This assignment is asking to take the chart provided below, that describes arrival delays for two airlines across five destinations, and perform an analysis to compare the arrival delays for the two airlines.
The chart is presented in an image that would ultimately need to be made into a file that can be read more easily and then tidied and transformed to properly perform the analysis.
My approach is to recreate the chart in excel to output a .csv file using the wide format that it is in. I will then load it into my github repository so that I can reference it in RStudio to be read and will use a combination of tidyr and dplyr to clean and transform the data.
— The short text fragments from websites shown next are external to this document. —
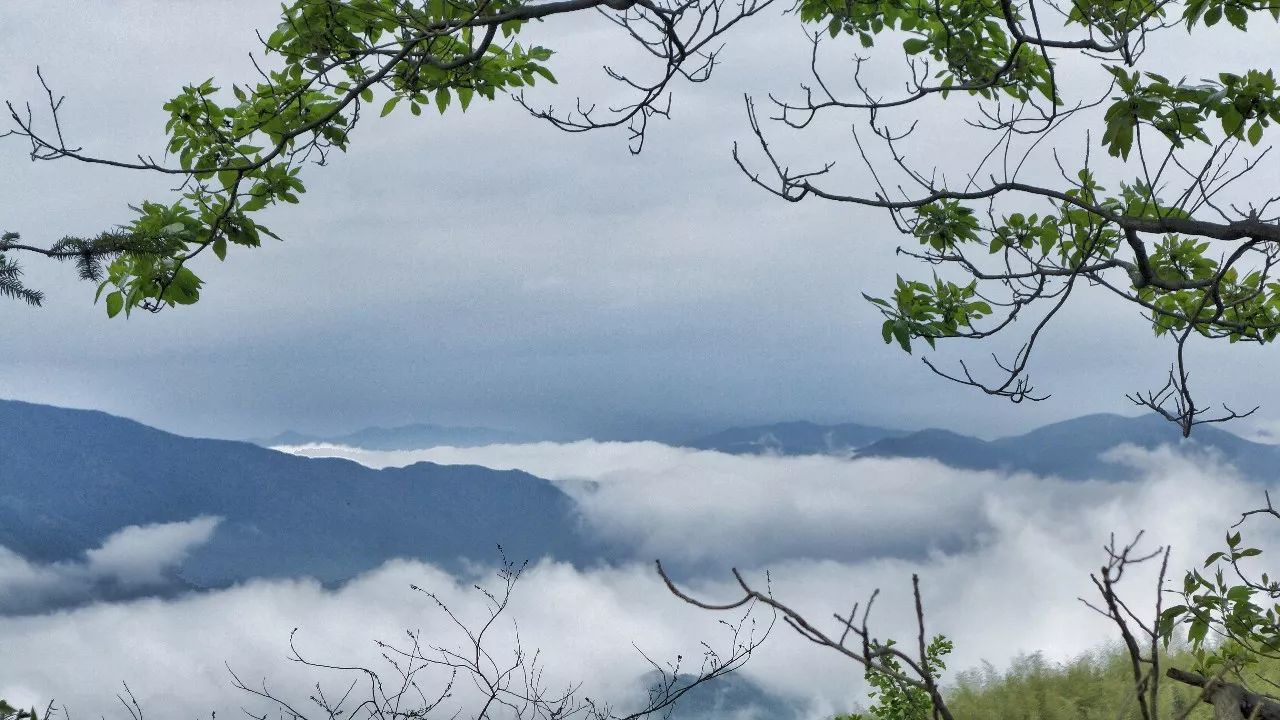 杭州·菩提谷，與你一起私有群山秘境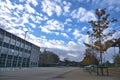 Beautiful autumn vibes on campus of University College Dublin. Fantastic blue sky with clouds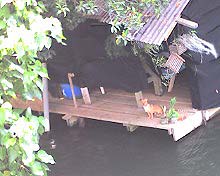 ハレイワ 犬.jpg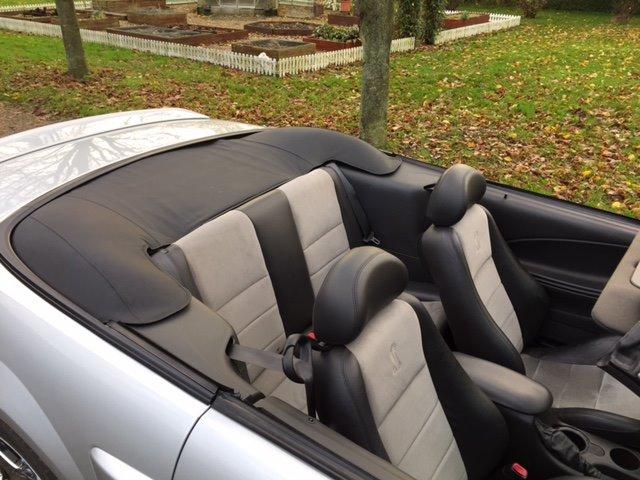 Ford Mustang SVT "Terminator" Cobra  billede 8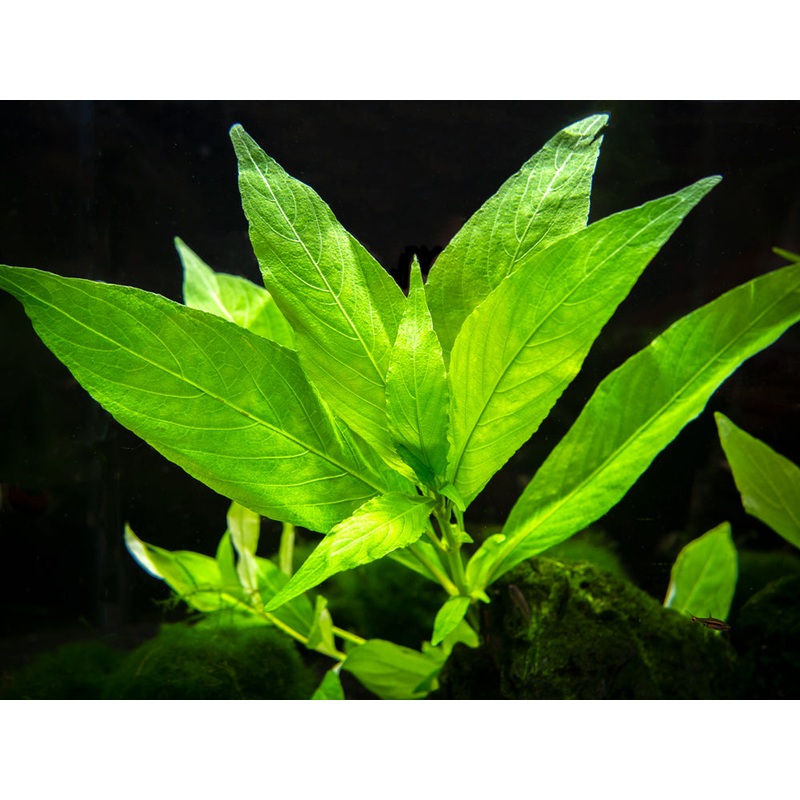 Willow Hygro AKA Giant Hygro AKA Temple (Hygrophila corymbosa “Augustifolia”), bunch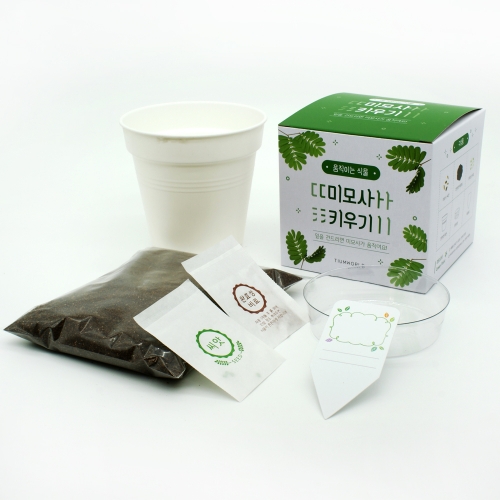 움직이는 식물 - 미모사(신경초) 키우기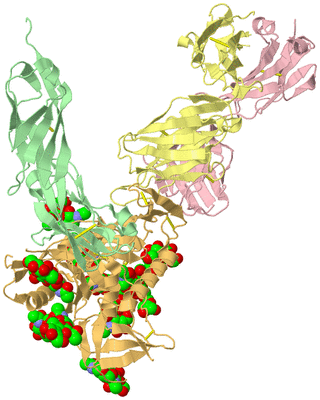 Image Biological Unit 1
Once the data is in a better format, then I will compare the arrival delays for each airline across the various cities and use different summary statistics to accomplish this.
I took the data presented and recreated it in a .csv file to use in this assignment. Which can be found in my github repository (https://github.com/DRA-SPS27/DATA607-Week-5-Assignments/tree/main). I am presenting a glimpse of that data below:
url<-"https://raw.githubusercontent.com/DRA-SPS27/DATA607-Week-5-Assignments/refs/heads/main/D.Atherley%20-%20Airline%20Delays%20(%235A).csv"
untidy_airline<-read.csv(url)
glimpse(untidy_airline)
## Rows: 5
## Columns: 7
## $ X <chr> "ALASKA", "", "", "AM WEST", ""
## $ X.1 <chr> "on time", "delayed", "", "on time", "delayed"
## $ Los.Angeles <int> 497, 62, NA, 694, 117
## $ Phoenix <int> 221, 12, NA, 4840, 415
## $ San.Diego <int> 212, 20, NA, 383, 65
## $ San.Francisco <int> 503, 102, NA, 320, 129
## $ Seattle <int> 1841, 305, NA, 201, 61